January 2002 Letter of Intent
May 2002 LoAR results
Return to the Rampart home page.

On December 27, 2001, a Rampart Meeting was held to consider the Letter of Presentation dated October 5, 2001. In attendance were Countess Anne Aliz de Bâle, Fretty Herald, Earl Cathyn Fitzgerald, Lady Kiena Munro, Lady Alia Marie de Blois, and Gauvain Eisenbein. Letters of comment were received from Master Da’ud ibn Auda, al-Jamal Herald; Master Gawain of Miskbridge, Green Anchor Herald; and the Caer Galen Commenting group which consisted of Baron Louis-Philippe Mitouard, Cat’s Paw Herald Extraordinary, Baronessa Francesca di Pavia, Pursuivant, Regana van Kortrijk, Caer Galen PE, Frederigo de Grenada, and Alisaundre la Coutourière. Here are the decisions from these deliberations.

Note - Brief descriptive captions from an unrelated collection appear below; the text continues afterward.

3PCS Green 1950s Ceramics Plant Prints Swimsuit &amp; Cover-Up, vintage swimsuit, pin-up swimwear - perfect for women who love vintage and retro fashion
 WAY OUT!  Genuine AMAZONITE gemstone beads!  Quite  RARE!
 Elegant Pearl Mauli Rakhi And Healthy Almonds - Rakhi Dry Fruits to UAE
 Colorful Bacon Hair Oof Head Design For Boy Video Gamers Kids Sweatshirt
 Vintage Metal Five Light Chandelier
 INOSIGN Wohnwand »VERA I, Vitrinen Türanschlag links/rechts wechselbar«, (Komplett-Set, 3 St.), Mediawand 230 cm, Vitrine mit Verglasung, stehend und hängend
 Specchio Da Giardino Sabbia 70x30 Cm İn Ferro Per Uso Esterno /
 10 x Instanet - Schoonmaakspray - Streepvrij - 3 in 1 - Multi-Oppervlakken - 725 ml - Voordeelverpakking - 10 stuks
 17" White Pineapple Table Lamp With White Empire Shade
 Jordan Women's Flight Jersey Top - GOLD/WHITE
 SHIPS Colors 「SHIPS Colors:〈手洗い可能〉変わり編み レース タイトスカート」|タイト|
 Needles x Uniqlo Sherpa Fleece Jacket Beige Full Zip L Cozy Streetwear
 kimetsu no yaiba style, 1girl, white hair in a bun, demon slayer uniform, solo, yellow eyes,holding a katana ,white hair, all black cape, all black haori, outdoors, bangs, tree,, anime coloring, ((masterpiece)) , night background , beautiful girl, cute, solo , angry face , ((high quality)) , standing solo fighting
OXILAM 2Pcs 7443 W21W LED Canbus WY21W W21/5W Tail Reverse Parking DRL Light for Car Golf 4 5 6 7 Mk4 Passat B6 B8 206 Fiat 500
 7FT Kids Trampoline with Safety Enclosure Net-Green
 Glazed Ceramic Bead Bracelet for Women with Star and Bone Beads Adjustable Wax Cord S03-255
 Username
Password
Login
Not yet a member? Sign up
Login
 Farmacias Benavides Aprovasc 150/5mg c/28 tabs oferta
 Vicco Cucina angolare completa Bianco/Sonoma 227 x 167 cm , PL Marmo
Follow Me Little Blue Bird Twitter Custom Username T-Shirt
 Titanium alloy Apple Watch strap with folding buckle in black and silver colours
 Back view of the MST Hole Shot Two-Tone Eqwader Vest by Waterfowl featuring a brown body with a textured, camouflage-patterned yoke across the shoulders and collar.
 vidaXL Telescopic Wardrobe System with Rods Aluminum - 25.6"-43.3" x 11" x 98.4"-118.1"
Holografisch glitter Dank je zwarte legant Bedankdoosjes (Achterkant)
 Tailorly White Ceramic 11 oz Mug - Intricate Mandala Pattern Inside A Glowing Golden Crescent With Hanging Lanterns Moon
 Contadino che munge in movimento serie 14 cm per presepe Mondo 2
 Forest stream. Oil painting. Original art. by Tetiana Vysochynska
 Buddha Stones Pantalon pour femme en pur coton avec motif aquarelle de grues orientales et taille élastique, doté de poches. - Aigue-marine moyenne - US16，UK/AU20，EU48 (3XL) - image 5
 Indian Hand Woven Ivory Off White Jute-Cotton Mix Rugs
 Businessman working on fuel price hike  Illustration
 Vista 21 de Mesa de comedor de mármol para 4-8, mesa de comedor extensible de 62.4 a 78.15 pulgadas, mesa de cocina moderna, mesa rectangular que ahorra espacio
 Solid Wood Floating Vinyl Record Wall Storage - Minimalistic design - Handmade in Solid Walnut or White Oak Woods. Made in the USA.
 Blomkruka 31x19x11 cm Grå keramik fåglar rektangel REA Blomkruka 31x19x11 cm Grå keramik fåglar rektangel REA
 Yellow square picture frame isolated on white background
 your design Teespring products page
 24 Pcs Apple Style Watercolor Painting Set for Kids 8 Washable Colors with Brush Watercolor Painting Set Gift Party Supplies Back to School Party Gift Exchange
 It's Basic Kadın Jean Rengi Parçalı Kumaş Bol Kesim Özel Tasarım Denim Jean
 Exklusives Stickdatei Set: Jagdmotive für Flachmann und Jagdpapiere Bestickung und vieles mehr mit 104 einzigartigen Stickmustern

  1. Adriana of Riverhold. New Device. Or, a bend sinister wavy azure between a fir tree couped and a brown house proper.

  2. Rio de Las Animas Perdidas, Incipient Shire of
    Her name was registered in December of 1999 via the Outlands.

    [al-Jamal] - (Device): “I think that there is no such thing as a "brown house proper". The house is clearly not a log cabin (which is, I believe, post-period in any case), made of logs and therefore properly (if you'll pardon the pun) "brown"). This is pretty clearly a case of attempting to add "brown" to the heraldic palette of colors. Indeed, the original allowance of "brown proper" was because there were in period a few animals (boars, hounds) which appear to have been considered "proper" when brown. I think that to extend this allowance to architecture is overreaching period practice and SCA precedent.”
    [Green Anchor] - (Device): “The house looks pretty modern, I fear.”
    [Caer Galen] - (Device): “Is there a ‘default’ proper color for houses? If not, as is implied by the use of a modifier ‘Brown’, is there a precedent for allowing proper coloring? Is this not distinct from the cases where an item has more than one ‘proper’ color and so additional adjectives are needed? Also this would seem to be in violation of RfS VIII.4.a: Pictorial Design - Overly pictorial designs may not be registered. … For example, combining a field divided per fess wavy azure and Or with a sun and three triangles Or, as well as a camel and two palm trees proper to depict the Nile Valley would not be acceptable …”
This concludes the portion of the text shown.